Love this costume. Where did you find it or did you make it.

How cute.

Rin


----------



## Snowball Pie's Mommi (Oct 16, 2008)

Furbabies mom said:


> Wow!! Snowball is just a little fashionista !! He really is a little doll!


Awww ... thank you, Auntie Debbie.:wub:



Gabbee15 said:


> Beautiful


Thank you, Grace. :wub:



wkomorow said:


> Wow what an outfit.


Thank you, Uncle Walter. :wub:



Matilda's mommy said:


> :smootch::heart::smootch:Oh Marie I love love love Snowball's Halloween costumes, but especially love this one:wub: I love the color on Snowball :wub:
> That 5th picture:wub::wub::wub: Auntie Paula loves you Snowball and your mommy to:wub:
> 
> HAPPY HALLOWEEN


Aww ... thank you, Auntie Paula. :wub:

Paula, I like the 5th picture, too. I shared on Facebook that I almost didn't post the peacock pictures because I was thinking that maybe the costume was meant more for a girl. Even though I know that it is the male peacocks who have the colorful feathers. However, I decided to post the pics on FB anyway ... and, it is a big hit. So, I decided to post them here, too ... because some of you are not on FB. 





Sylie said:


> Great!!! What happened, Marie? You couldn't decide which costume to get for Snowball, so you just got them all? I wouldn't be able to decide, each one is adorable on the little guy.


Thank you, Auntie Sylvia. :wub:

Well, I shared on Facebook (I thought I did here, too, but, maybe not) that I had been in Target very early one morning. And, I had noticed that the Halloween costumes were being displayed. First of all, in our area, it seems as though the smaller size costumes for pups go fast, And, every year ... except in 2011 (you can see Snowball's pumpkin tee shirt on my 2011 Halloween pic thread) I have had a hard time finding a costume that fits right ... especially with head pieces that were either too small or too big. So, I would end up not using costumes for Halloween ... because I am not going to make Halloween miserable for Snowball ... just because I want him to look cute.

Anyway, I thought my chances might be better if I purchased several costumes ... hoping that at least one would comfortably fit Snowball. And, if so, then I would donate the rest of the costumes (which I will still do) Still I wasn't happy with the fit of this year's costumes ... except for the candy security shirt. (and, the pic I shared on another thread is from last year)

Then, I saw the Ewok costume online ... I think that, too, was Target. And, I decided to try that one.
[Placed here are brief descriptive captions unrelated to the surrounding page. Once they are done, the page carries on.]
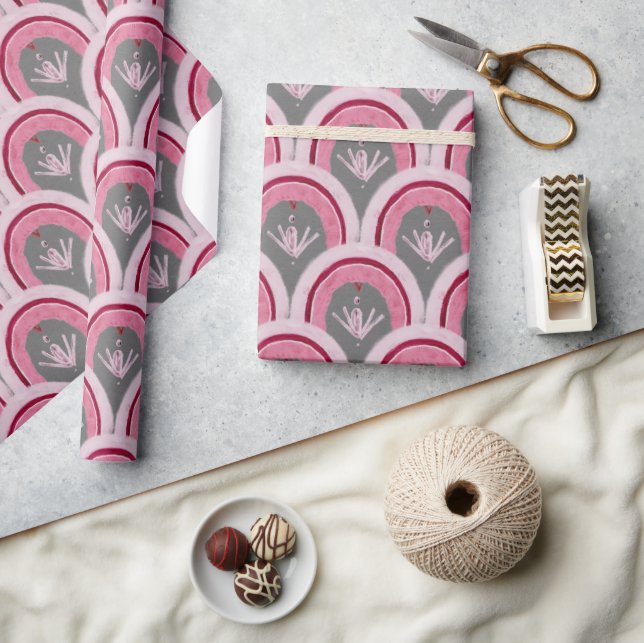 Watercolor Classic Pink Hand-drawn Wrapping Paper (Crafts)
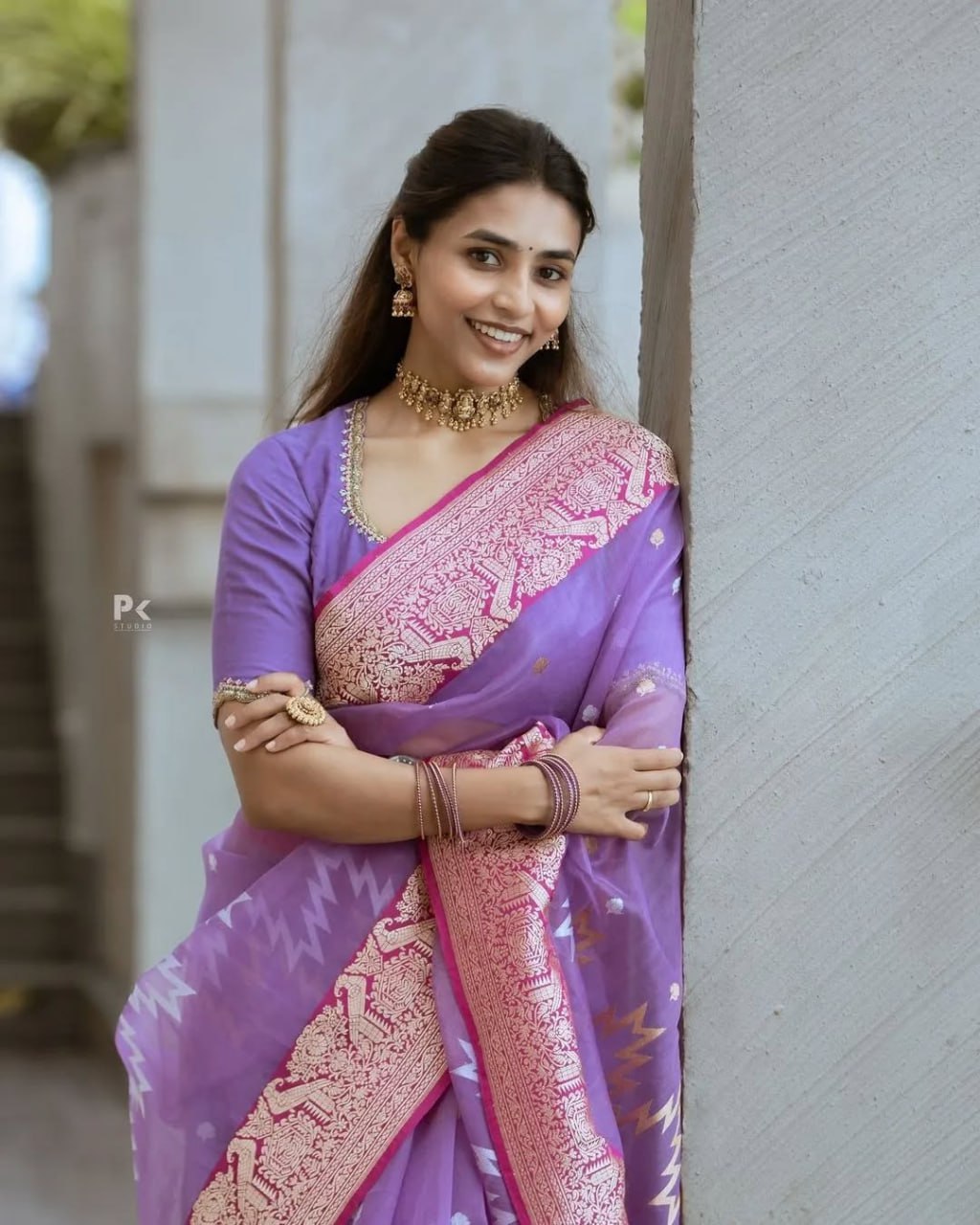 Designer Lavender Cotton Silk Saree With Stylish Blouse Piece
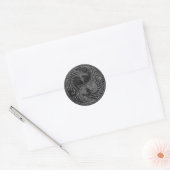 Stone Yin Yang Dragons Ronde Sticker (Envelop)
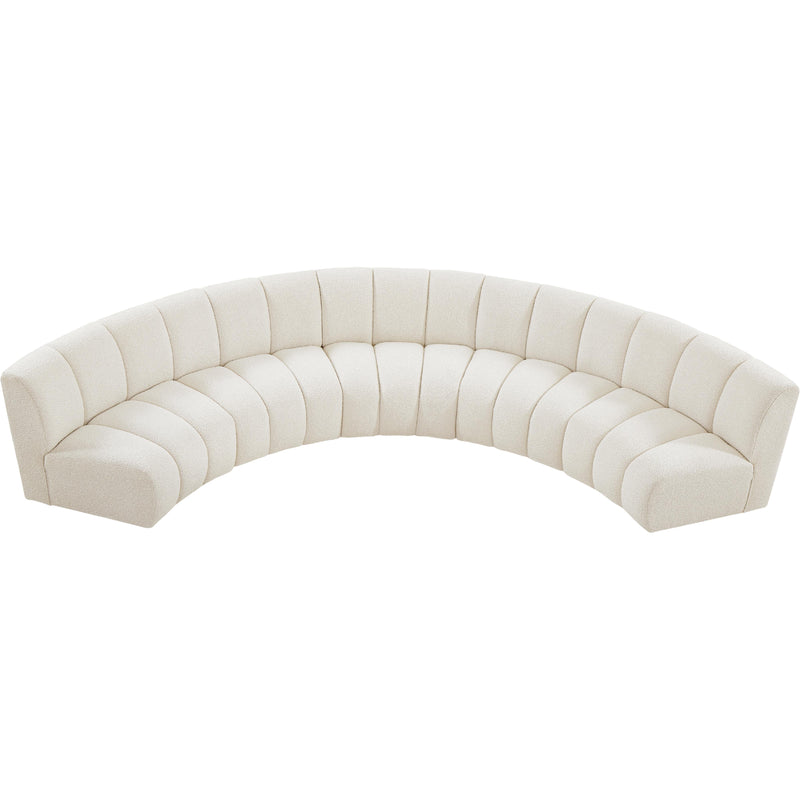 Meridian Infinity Cream Boucle Fabric 5 pc Modular Sectional IMAGE 6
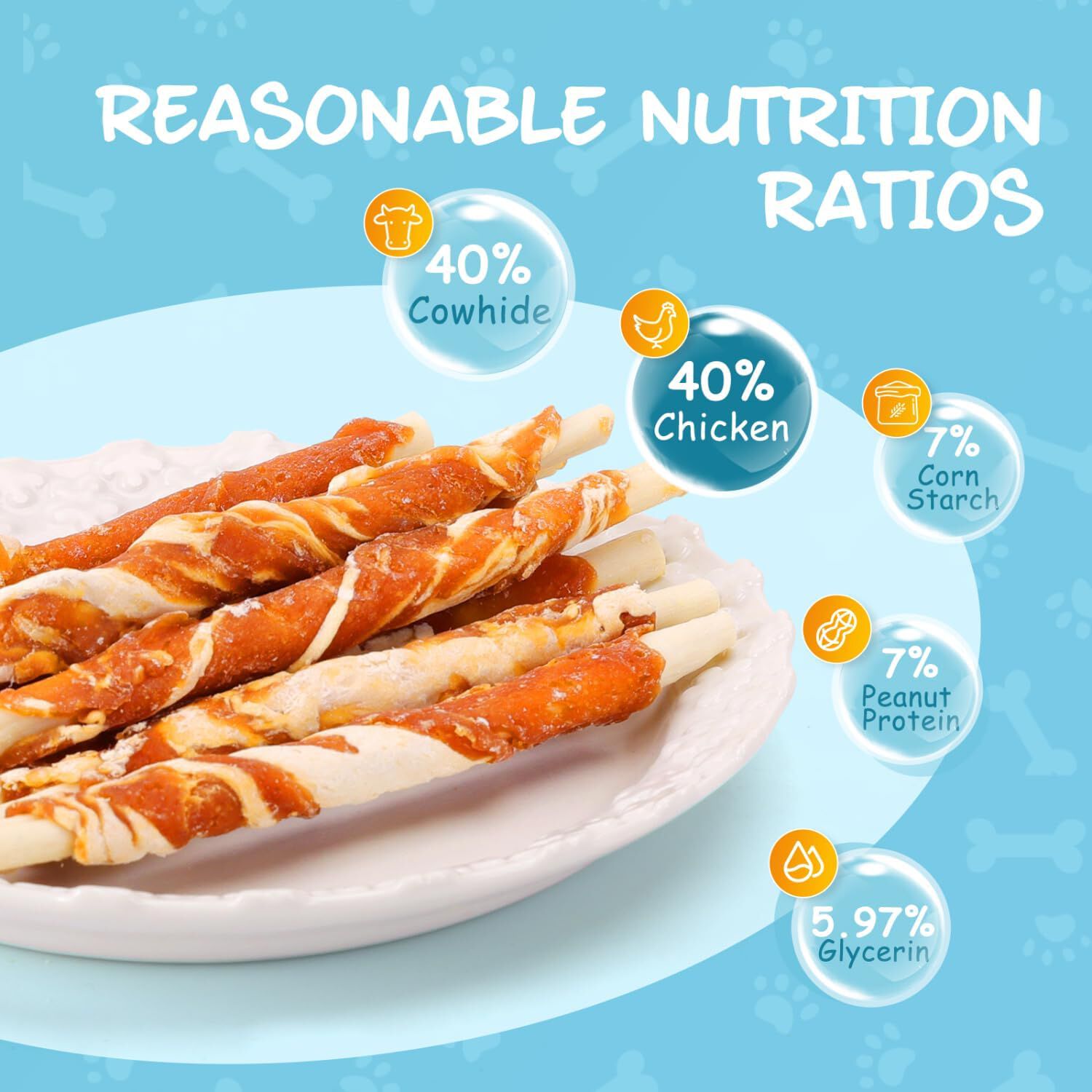 Nobleza - Snacks Naturales para Perros, Palitos de Piel de Vaca Envuelto en Pollo, Chuches para Perros, Golosinas para Perro, Premios para tu Mascota, 13cm, 6 Pack (6 x 100g), , large Imagen numero 3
Well, that one turned out to be wonderful! Not only does it fit him very comfortably ... but, Snowball loves it! It is a very soft fleece two piece. The inside piece can be worn as pj's, for sure. 



Maglily said:


> Hi birdie, Happy Halloween! love the one showing his eyes.
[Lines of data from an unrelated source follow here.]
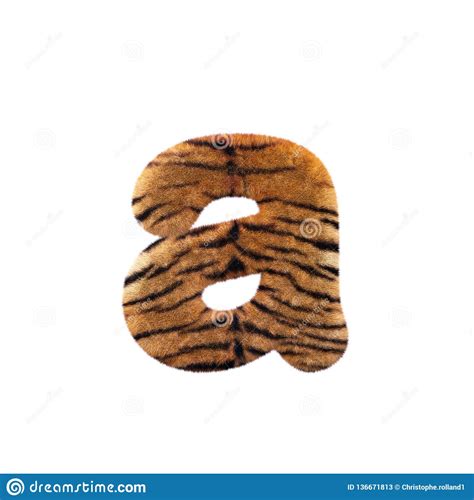 Tiger Letter A Lowercase D Feline Fur Font Suitable For Safari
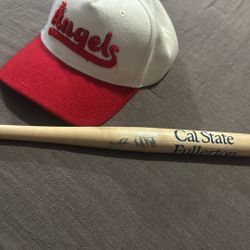 Los Angeles Hat And Baseball Bat With Signatures 
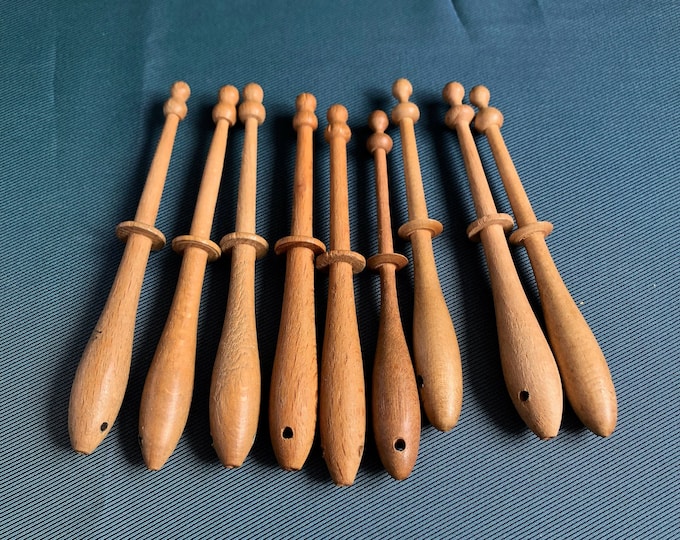 wooden lacemaking bobbins x 9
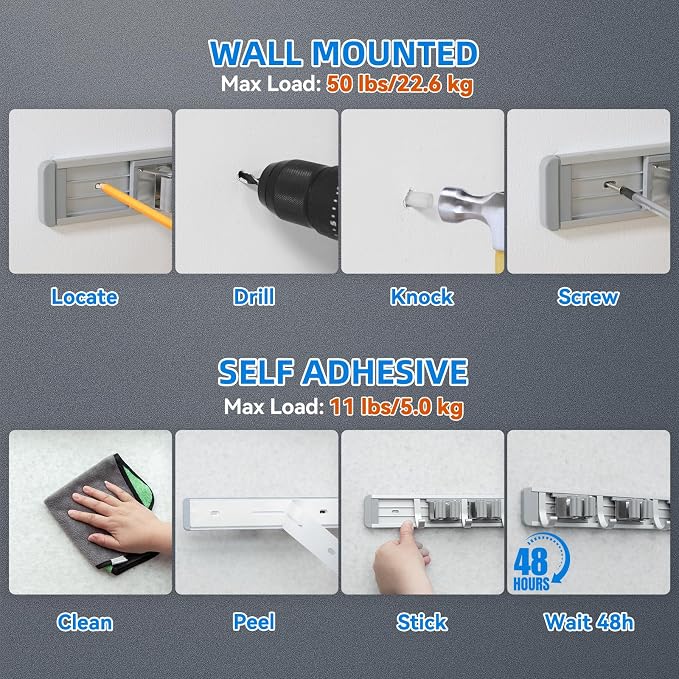 reliahom Broom Holder Wall Mount Mop Hanger Tools organizer 4Racks 5Hooks - Image 3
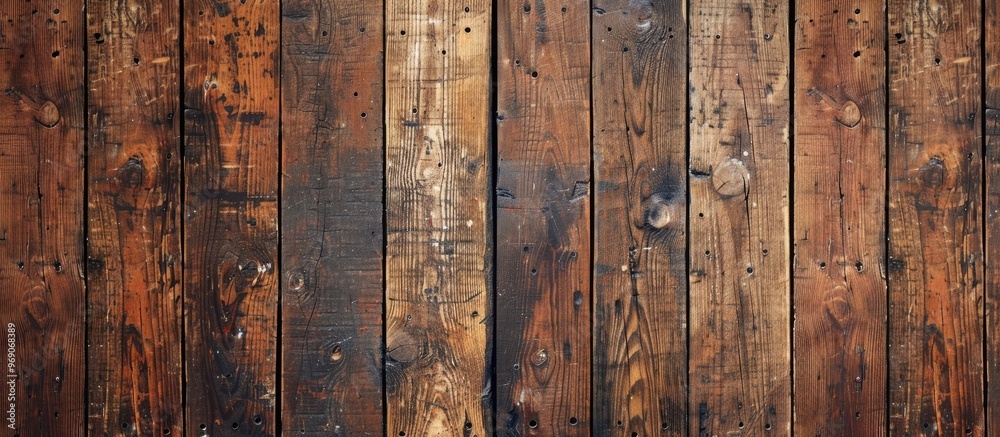 Aged pine wooden flooring marked by stains and scratches. with copy space image. Place for adding text or design
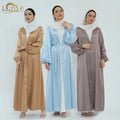 Loriya High Quality Luxury Satin Abaya Dubai 2024 Kimono Cardigan Islamic Clothing Modest Open Abaya Women Muslim Dress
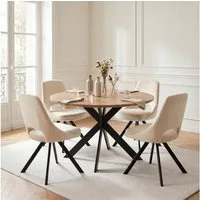 Jiexi Essgruppe Tisch- und Stuhlset, Runder Esstisch (115×75 cm) mit 4 Stühlen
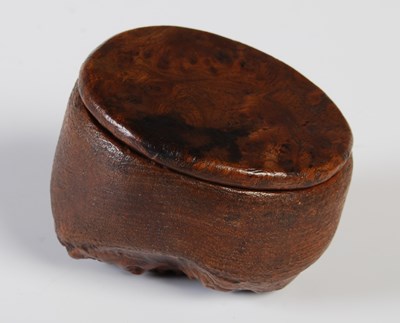 Lot 239 - An early 19th century burr wood snuff box,...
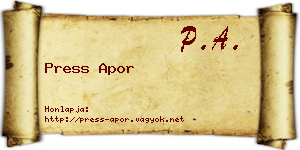 Press Apor névjegykártya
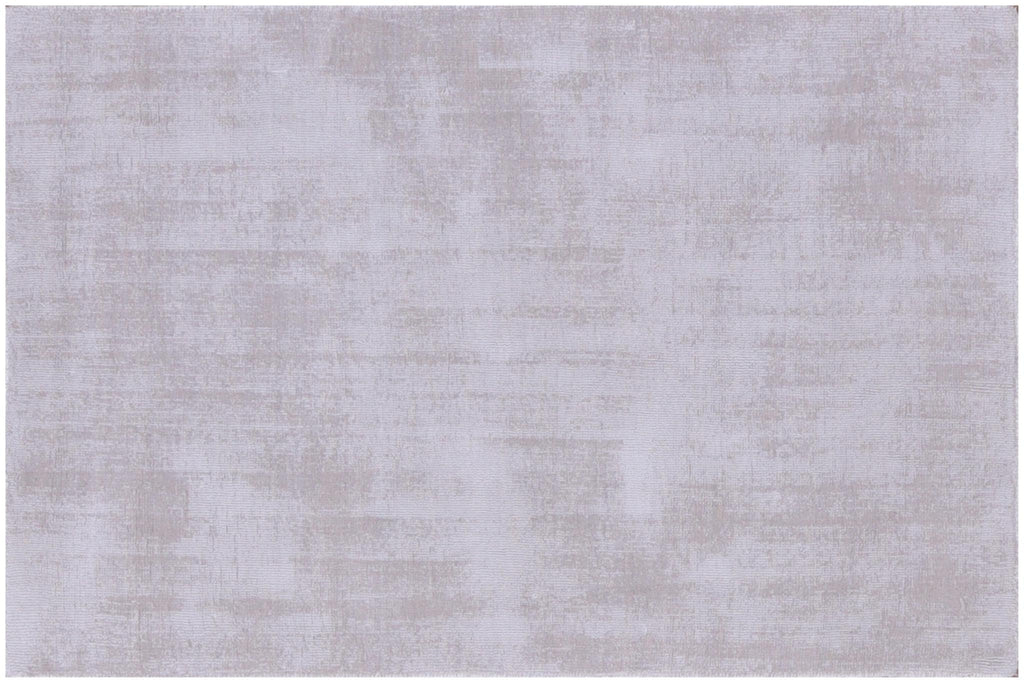 Modern Distressed Silver Handloom Rug | Wool & Bamboo Silk Blend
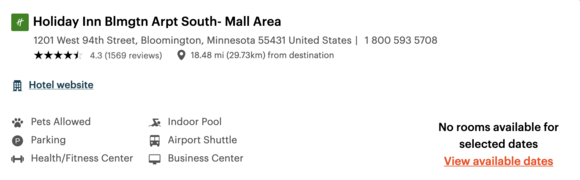 room not available, after searching for specific dates at web site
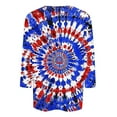 thumbnail image 4 of BLTIBY Womens Blouse Summer Independence Day Printed Round Neck Short Sleeve Shirts Loose Novelty Graphic T-Shirts Fashion Casual Pullover Tops 2025 Multicolor 12 L, 4 of 5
Thank you, Auntie Brenda. :wub:

Yes, the one showing his eyes is my favorite, too.



Malt Shoppe said:


> Blaze doesn't have any Halloween costume but if I found that one, I wouldn't be able to pass it up. That is absolutely adorable.
> 
> Snowball, you're a WINNER in your Peacock clothes!


Awww ... thank you for the very lovely compliment, Auntie Claire. :wub:

I bought it at Target. They are so reasonably priced for pet costumes. 



Sarahsphere said:


> oh my!! Snowball your gorgeous!!!
> How creative and cute :wub:


Thank you, Sarah.:wub:



kd1212 said:


> Marie,
> 
> I just love his costume and that little face--too cute:wub:
> 
> ...


Thank you, Auntie Kim. :wub:

Kim, I have to admit that this is my favorite costume on him. It's soft and comfy, too.


----------



## Snowball Pie's Mommi (Oct 16, 2008)

mdbflorida said:


> Fashionista. Did you make it?


Thank you, Mags. :wub:

No, I didn't make it. I bought it at Target.



Orla said:


> oh my gosh what a cute costume on an adorable fluff!


Aww ... Thank you, Orla. :wub:

Nice to see you here on SM!



michellerobison said:


> OMDog, tooo cute, I've never seen one like that!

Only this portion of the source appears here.